From that, one needs to start eliminating options, so start working through the column expressions in the same way.

I started from the left most column solves, looking for something that would constrain the CTF sequence.

.?(Lt2P|B0T|NuL|m0H)(P|o|p)+[^a-m,n-y,z](\\\|v|//)

[IN|CCC]?[^A-Z]+\w[p4SsW0RdHa5h]*.?

Well, that’s not helpful.  Both of these regex’s start with ? blocks that may or may not exist, and both could match C, or a wide variety of anything else.  Next!

[FL4IR]*(M|0|R|3)*([abcde])(1|3|5|7|9)\2

(L|4|V|A)*[FluBb3R]+\w[^aeiou]

Okay, here’s a more interesting case, but still difficult to deal with.  The leading match classes in both cases have the * (zero or more) operator applied to them.  The only fixed sequence in the first string is ([abcde])(1|3|5|7|9)\2 .  That is an interesting sequence however, as it uses back references.  I know that the first and third characters of that sequence will match.

Alright, on to the third column.

\w+(SG|Sg|sG|sg)[jobs][WITH][hammers]

.?[vegas]+[G0LD]+[overnumerousness]+[\\\W]\h*[garbage]?

Again, not much to work with.  I could tell that I was going to lead with a ‘word’ character (\w+) one or more times.  .? is again something of ‘might exist’.  This is getting frustrating.  On to column 4.

[fail|FAIL]?[variableS^*]*\d(2|5|Z|S)+[^cone].+

[A-F,I-L](e|d|b)[^0-2,3-5,6-8][A-Z]+[encode|decode][\\\|\(|\)|\-|\=]

Well, finally, something that’s vaguely constrained.  The second regex has 6 character classes, with one which is marked as 1 or more  (+ operator).  The crossword has 7 spaces there.

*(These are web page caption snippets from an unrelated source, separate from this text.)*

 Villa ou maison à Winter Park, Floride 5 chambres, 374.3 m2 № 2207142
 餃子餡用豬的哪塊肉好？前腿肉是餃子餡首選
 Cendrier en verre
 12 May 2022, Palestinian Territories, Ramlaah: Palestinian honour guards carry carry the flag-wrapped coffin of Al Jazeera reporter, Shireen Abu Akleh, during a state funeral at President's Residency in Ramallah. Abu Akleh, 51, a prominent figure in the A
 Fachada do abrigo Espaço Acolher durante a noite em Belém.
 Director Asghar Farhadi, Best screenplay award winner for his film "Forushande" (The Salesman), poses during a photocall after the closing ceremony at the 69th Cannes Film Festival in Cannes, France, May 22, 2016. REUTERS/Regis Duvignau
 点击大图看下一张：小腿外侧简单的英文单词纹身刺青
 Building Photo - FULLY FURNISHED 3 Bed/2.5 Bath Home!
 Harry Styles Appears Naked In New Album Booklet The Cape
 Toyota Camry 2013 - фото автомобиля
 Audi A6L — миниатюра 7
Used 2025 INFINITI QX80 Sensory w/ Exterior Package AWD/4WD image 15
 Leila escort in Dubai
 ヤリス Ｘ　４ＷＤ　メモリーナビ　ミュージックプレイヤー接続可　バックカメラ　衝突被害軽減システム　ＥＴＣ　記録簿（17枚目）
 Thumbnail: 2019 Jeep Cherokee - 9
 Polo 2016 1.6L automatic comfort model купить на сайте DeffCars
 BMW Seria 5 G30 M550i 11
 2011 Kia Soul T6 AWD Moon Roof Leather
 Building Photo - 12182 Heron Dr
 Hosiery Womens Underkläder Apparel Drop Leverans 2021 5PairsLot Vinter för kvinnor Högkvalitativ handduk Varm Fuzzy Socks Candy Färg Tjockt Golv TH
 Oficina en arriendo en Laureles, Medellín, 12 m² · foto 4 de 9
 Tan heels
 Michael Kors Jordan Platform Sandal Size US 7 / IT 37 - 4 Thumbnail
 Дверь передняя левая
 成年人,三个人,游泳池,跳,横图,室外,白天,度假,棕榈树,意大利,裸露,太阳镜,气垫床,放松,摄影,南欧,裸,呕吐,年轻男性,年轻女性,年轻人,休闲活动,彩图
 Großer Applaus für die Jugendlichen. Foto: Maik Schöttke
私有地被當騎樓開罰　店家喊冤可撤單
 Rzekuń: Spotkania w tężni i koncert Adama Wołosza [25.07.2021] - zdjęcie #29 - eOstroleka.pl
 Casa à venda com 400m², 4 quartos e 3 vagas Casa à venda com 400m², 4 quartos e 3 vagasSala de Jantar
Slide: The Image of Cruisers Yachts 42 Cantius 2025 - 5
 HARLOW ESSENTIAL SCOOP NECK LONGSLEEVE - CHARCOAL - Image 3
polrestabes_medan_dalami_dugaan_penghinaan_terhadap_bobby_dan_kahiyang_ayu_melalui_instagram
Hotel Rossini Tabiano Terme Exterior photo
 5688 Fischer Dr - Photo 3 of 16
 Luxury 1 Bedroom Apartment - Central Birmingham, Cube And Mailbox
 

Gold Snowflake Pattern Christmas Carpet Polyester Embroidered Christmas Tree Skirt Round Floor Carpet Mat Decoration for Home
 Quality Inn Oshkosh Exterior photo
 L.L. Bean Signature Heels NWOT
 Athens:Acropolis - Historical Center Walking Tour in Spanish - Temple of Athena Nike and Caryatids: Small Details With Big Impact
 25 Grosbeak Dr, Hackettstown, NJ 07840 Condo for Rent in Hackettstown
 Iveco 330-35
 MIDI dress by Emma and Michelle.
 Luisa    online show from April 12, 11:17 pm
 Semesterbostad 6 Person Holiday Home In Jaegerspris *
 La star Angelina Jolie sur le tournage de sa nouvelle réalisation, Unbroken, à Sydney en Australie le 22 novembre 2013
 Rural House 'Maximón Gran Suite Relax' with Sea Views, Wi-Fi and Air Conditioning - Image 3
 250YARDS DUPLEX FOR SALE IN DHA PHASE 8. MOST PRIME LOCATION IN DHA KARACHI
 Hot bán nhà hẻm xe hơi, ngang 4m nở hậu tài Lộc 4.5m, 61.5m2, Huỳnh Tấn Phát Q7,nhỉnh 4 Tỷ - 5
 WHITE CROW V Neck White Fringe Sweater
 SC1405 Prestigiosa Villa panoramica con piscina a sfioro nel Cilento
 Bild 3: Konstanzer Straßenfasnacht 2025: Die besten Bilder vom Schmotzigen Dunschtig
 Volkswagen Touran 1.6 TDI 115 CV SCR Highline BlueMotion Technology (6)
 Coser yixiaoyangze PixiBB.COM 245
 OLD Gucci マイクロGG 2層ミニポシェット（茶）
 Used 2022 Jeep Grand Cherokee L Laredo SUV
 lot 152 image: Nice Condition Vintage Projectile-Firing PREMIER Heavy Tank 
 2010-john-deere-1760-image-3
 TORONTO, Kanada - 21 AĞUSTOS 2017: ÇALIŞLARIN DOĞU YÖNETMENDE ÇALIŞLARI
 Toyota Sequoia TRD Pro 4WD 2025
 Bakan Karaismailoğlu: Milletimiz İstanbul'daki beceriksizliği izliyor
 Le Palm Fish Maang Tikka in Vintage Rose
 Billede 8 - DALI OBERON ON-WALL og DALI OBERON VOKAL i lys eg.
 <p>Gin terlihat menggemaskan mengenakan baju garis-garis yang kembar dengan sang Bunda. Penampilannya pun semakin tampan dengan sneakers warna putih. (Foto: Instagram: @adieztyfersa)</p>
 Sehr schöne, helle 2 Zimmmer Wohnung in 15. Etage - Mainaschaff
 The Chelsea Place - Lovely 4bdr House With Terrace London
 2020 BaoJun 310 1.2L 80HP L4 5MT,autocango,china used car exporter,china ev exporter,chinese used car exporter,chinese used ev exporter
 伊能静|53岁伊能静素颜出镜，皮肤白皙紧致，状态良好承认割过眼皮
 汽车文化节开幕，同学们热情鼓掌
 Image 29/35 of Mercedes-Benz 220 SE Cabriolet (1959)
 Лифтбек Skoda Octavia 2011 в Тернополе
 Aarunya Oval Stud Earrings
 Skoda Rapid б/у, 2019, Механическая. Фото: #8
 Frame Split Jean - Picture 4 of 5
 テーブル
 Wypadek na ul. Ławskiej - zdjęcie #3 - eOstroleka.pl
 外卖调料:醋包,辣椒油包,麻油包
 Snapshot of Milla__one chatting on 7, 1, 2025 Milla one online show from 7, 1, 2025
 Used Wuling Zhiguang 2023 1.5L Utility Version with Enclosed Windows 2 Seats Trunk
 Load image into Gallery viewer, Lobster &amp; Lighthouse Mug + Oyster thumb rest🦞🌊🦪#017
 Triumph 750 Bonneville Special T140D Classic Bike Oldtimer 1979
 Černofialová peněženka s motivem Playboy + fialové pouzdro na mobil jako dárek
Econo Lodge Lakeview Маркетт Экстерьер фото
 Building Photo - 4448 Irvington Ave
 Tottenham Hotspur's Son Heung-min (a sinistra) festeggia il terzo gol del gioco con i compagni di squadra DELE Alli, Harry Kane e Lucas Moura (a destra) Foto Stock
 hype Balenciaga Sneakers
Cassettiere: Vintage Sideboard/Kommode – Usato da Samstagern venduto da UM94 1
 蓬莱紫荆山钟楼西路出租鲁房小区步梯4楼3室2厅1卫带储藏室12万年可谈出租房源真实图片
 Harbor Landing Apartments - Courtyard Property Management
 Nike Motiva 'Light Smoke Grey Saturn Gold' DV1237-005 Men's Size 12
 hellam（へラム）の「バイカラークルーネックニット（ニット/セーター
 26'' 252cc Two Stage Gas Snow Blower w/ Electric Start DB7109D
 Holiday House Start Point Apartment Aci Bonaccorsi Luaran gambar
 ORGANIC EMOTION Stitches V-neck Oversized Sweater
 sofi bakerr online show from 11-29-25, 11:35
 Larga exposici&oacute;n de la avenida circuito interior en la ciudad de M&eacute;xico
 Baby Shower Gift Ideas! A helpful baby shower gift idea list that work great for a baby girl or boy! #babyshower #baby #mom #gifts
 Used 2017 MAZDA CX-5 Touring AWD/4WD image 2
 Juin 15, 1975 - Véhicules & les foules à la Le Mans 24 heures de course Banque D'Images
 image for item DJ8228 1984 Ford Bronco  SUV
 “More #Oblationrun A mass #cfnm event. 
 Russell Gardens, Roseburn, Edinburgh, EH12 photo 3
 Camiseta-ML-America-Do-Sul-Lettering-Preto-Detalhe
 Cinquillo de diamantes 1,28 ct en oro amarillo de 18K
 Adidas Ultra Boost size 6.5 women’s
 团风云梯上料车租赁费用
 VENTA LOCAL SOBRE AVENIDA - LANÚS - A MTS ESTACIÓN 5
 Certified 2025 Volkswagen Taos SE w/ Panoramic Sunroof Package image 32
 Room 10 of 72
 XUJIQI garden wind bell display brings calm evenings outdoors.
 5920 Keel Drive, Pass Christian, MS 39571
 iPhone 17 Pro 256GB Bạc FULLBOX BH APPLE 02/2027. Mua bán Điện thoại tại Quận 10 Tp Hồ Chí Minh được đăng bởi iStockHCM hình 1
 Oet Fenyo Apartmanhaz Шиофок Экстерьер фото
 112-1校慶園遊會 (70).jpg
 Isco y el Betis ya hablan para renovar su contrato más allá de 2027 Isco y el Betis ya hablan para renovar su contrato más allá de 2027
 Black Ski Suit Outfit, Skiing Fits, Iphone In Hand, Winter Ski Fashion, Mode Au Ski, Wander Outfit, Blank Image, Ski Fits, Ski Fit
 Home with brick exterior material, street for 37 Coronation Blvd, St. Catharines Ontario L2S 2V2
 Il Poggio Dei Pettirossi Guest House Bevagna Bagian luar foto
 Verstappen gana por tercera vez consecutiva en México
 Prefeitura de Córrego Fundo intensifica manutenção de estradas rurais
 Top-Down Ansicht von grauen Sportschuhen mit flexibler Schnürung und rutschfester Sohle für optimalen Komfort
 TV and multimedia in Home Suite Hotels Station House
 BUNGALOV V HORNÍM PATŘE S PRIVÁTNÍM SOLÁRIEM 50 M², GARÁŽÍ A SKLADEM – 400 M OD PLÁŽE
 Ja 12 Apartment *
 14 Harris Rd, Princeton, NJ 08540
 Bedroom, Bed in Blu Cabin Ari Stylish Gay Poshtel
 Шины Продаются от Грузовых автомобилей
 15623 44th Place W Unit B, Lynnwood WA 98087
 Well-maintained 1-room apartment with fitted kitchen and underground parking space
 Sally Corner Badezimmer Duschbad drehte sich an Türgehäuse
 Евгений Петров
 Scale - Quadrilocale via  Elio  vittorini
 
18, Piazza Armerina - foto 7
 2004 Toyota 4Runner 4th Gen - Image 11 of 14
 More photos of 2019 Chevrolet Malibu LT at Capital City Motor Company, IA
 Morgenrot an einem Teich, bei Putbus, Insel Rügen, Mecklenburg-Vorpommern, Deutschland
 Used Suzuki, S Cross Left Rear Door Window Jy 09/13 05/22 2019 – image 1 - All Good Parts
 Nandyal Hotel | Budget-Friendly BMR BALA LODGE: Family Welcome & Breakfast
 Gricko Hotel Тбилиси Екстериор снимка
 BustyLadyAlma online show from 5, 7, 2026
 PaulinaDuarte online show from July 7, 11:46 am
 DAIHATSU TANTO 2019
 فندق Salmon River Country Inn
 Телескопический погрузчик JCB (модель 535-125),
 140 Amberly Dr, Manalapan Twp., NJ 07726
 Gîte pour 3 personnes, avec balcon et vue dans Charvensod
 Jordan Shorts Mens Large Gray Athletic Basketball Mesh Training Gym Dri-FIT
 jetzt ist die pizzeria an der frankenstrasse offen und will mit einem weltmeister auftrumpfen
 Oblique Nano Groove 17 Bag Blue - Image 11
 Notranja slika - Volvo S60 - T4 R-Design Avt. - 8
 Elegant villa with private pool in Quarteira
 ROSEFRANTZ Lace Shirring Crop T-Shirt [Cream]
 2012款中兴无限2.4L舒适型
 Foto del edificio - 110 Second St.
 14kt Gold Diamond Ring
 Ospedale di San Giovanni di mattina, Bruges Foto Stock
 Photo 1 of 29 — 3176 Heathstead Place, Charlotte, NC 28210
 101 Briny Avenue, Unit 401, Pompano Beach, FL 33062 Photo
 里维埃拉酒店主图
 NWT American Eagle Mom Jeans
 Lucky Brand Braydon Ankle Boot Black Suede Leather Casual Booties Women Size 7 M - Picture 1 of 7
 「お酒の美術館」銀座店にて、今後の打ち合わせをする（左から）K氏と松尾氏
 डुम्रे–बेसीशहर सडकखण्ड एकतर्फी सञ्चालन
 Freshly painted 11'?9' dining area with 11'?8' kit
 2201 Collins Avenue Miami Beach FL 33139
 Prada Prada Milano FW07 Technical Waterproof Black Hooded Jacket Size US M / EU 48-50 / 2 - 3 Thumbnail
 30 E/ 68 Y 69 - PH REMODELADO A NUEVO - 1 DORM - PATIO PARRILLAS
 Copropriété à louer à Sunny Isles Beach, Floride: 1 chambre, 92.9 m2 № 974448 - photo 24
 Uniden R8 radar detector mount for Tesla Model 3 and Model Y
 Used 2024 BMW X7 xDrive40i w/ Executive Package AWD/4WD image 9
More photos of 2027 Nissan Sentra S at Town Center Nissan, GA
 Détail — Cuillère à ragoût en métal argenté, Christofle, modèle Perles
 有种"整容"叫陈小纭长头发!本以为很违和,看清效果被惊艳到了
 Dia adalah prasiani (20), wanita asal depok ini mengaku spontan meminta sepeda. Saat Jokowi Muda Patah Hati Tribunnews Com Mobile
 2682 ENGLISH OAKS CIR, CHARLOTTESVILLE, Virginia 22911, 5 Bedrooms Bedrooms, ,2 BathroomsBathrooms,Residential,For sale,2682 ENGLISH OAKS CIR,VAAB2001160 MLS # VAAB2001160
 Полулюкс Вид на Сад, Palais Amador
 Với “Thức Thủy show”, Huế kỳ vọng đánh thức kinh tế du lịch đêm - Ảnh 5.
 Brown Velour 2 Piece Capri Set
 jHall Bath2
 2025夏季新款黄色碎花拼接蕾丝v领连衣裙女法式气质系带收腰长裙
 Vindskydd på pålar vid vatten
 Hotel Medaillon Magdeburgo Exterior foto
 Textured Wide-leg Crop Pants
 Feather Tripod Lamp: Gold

At this point, I choose to make an assumption.  I choose to assume that these Regex’s are designed to consume the entire string, which is not a requirement generally.  I make that choice because otherwise, I’m going to end up with almost no constraints given the number of ?, +, and * operators that are in this problem.

With that assumption in place, I can see that the first Character is going to be an A or an F.  The overlap of the sets [fail|fail] and [A-F,I-L].  Looking back to the row one reduced regex,

(.CTF|C.TF|CT.F|CTF.)(\(|\[|\{)[AEIOUY]

I can see F would be valid in position 4 no matter what.  I declare that to be what I’m aiming at, and write it down.

I can also take a pretty serious stab at the second character of the column, as the set of (e|d|b) overlaps with [variableS^*] in one case, b.

Continuing on, I have column 5’s regex’s

(\(|\[|\{)[GOODLUCK]*\b?[52SZ]?(l|m|n|o)\D+

(.)+[^!LABEL]?[p-q,a-l,m-z]([SiGnS]*)(\1|.)

Well, great, I kinda knew that already, that it was going to be one of the set of ([{, and of course (.) matches anything.  The back reference operator \1  at the end is amusing, but is parred with an | operator of a . , thus anything could match there.

Assumption, most of the flags in this game were in the form CCC{something} . The problem indicated that the flag was in a non-standard format, but you would know it when you saw it.  I just started assuming that this character was a { and moved forward.

Column 6 regexes are:

[AEIOUYaeiouy0][Version2.0]*[Out|In]?[Blashpemy]+[V|^|v|/\]+\D?]

(M|0|N|E|Y)[VERIFY]+[^a-z0-9,.][birdlaw]+(\)|\})

Okay there, here’s something I can work with.  The first character match is the intersection of [AEIOUYaeiou0] and (expressed as a character set) [M0NEY].  The intersection of those two sets is [EY0].  My first row matching final set is [AEIOUY], which reduces the set to [EY].  Now the second match for first row has the restriction in the final group of (Y|O|U).  One overlap, which is the character Y.  At least one character isn’t ambiguous.

The solve at this point looks like this

???F{Y
???b??
??????
??????
??????
??????
??????

Well, that’s not much to work with.  Time to reprocess the column 1 -3 lines with my expanded assumptions.

.?(Lt2P|B0T|NuL|m0H)(P|o|p)+[^a-m,n-y,z](\\\|v|//)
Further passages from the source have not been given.